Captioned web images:
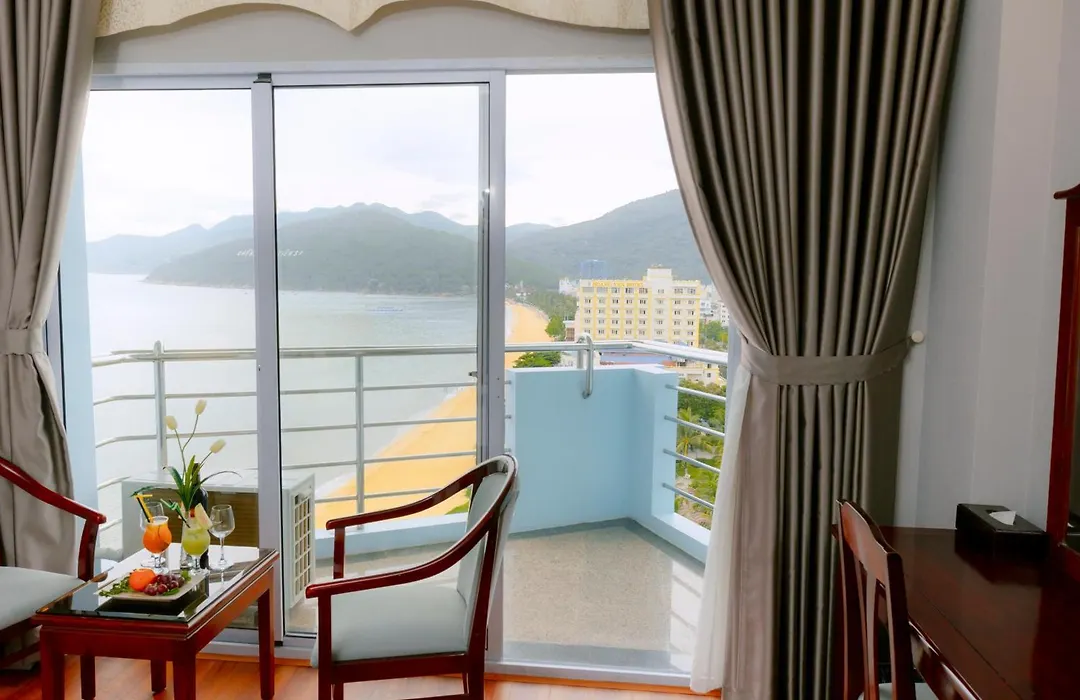 Seagull Hotel-1
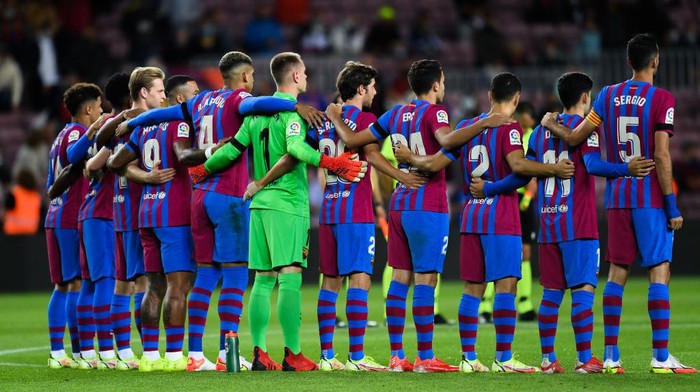 BARCELONA, SPAIN - SEPTEMBER 20: FC Barcelona players hold a minute of silence during the La Liga Santander match between FC Barcelona and Granada CF at Camp Nou on September 20, 2021 in Barcelona, Spain. (Photo by David Ramos/Getty Images)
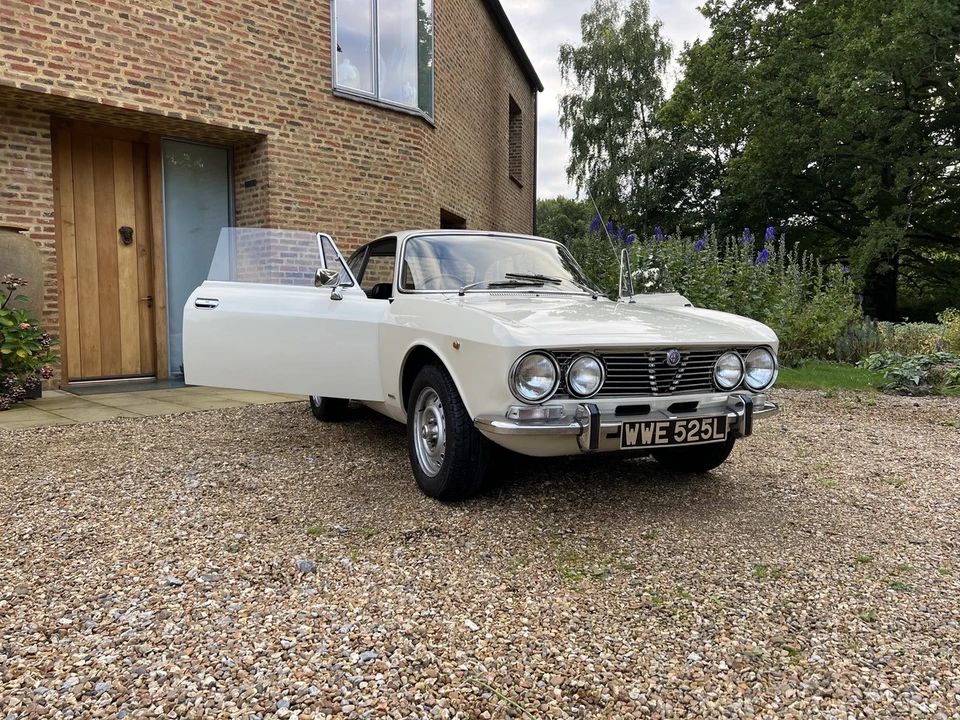 1973 Alfa Romeo 2000 GT Veloce - Image 25 of 30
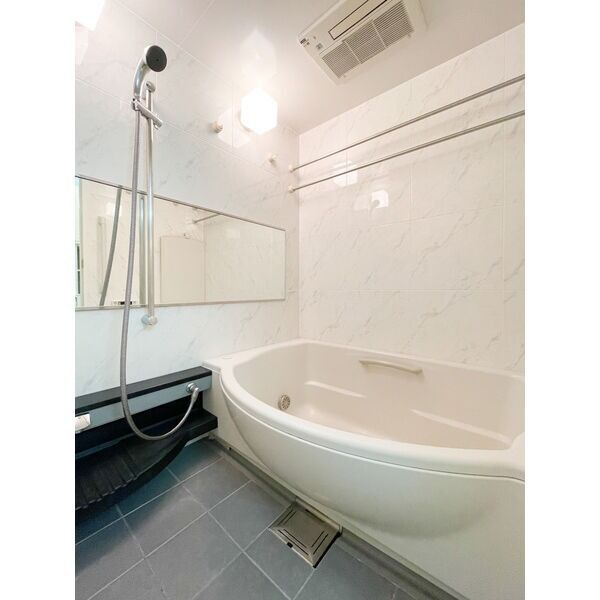 バス・シャワールーム　※写真は同じマンションの違う部屋のものになります。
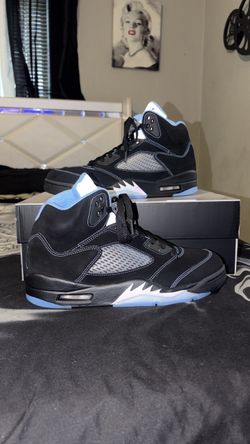 Air Jordan Retro 5 Black UNC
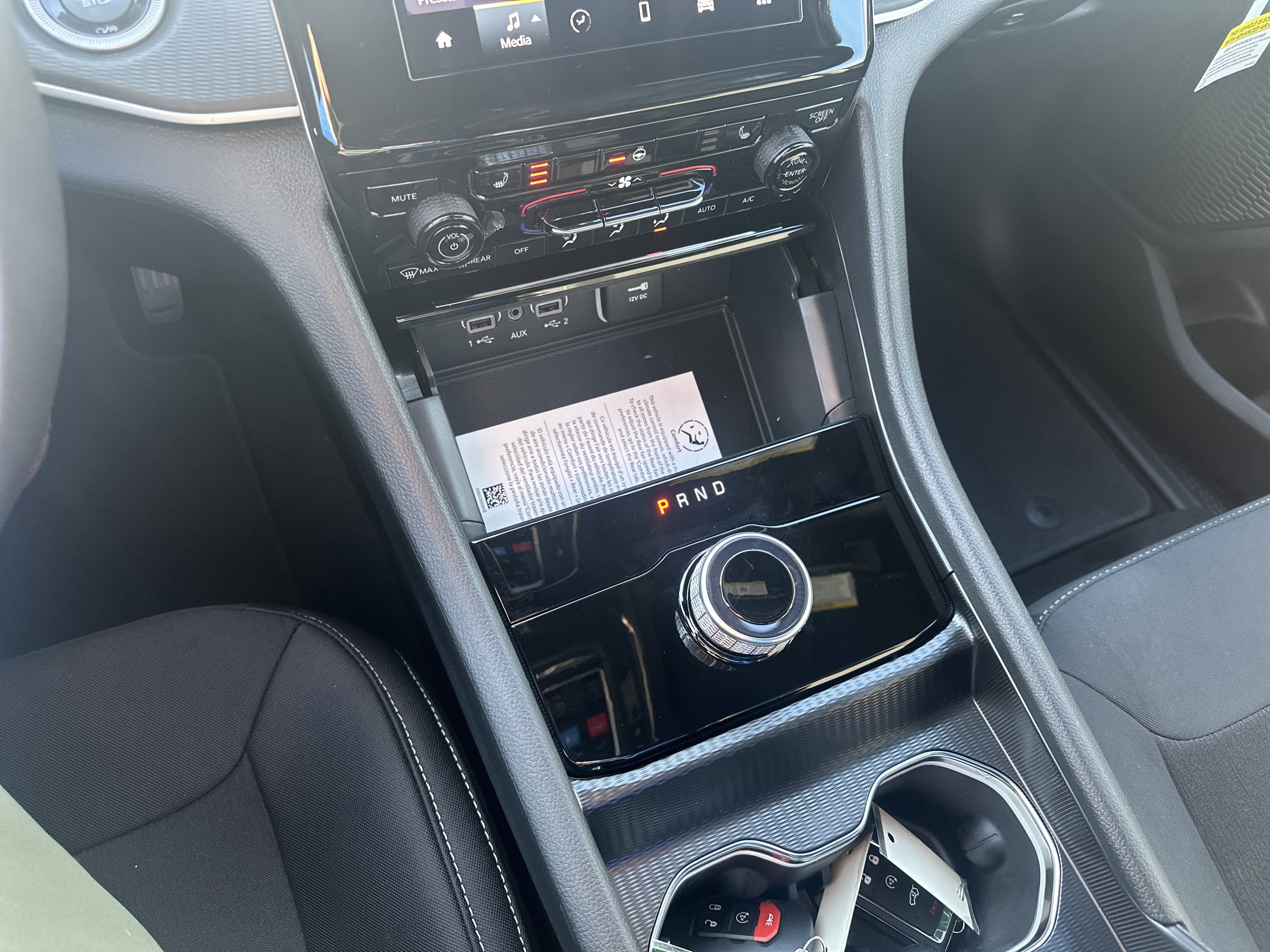 2025 Jeep Grand Cherokee GRAND CHEROKEE L LAREDO X 4X4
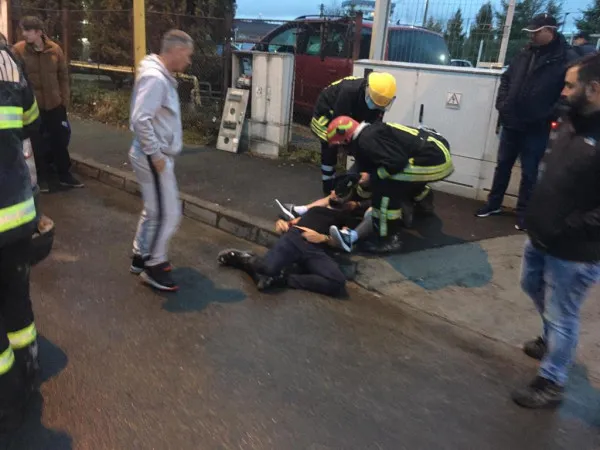 Fiul lui Sever Mureşan s-a crezut la popice printre maşinile parcate din Noua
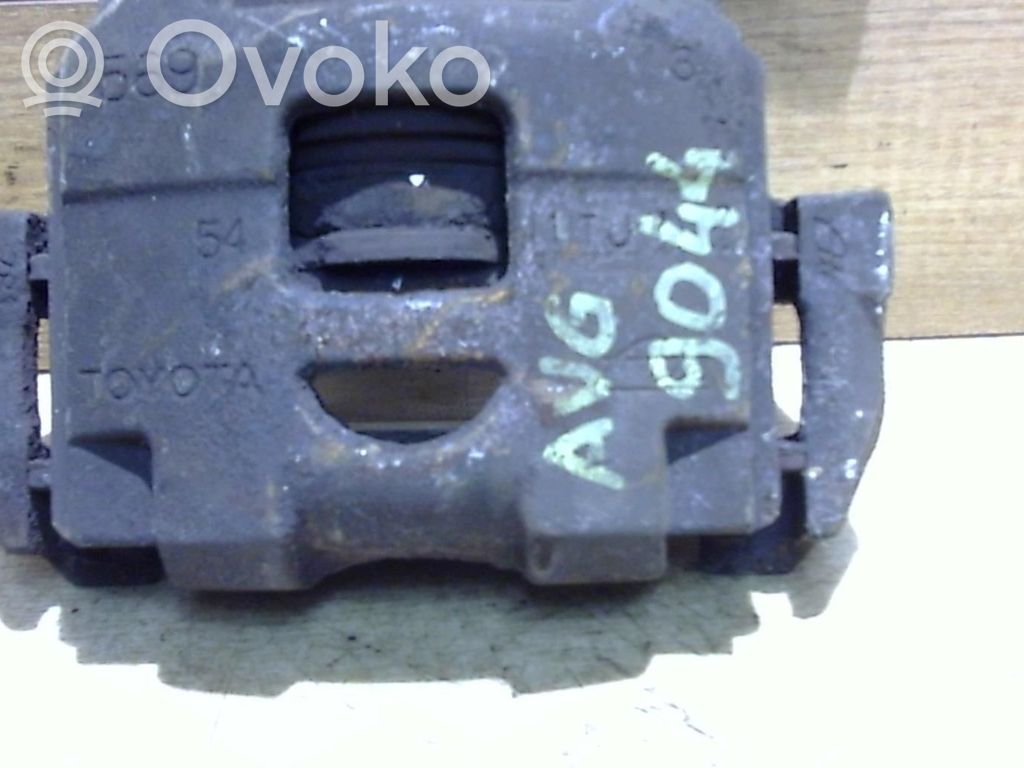 Toyota Yaris Zacisk hamulcowy przedni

ACTION ITEM >>
Take the entries above and copy exactly the lines starting at the one with "1973 Alfa Romeo" and ending at the one with "Fiul lui Sever"; nothing outside that span, and no pictures.

RESPONSE TO THIS TASK >>
 1973 Alfa Romeo 2000 GT Veloce - Image 25 of 30
 バス・シャワールーム　※写真は同じマンションの違う部屋のものになります。
 Air Jordan Retro 5 Black UNC
 2025 Jeep Grand Cherokee GRAND CHEROKEE L LAREDO X 4X4
 Fiul lui Sever Mureşan s-a crezut la popice printre maşinile parcate din Noua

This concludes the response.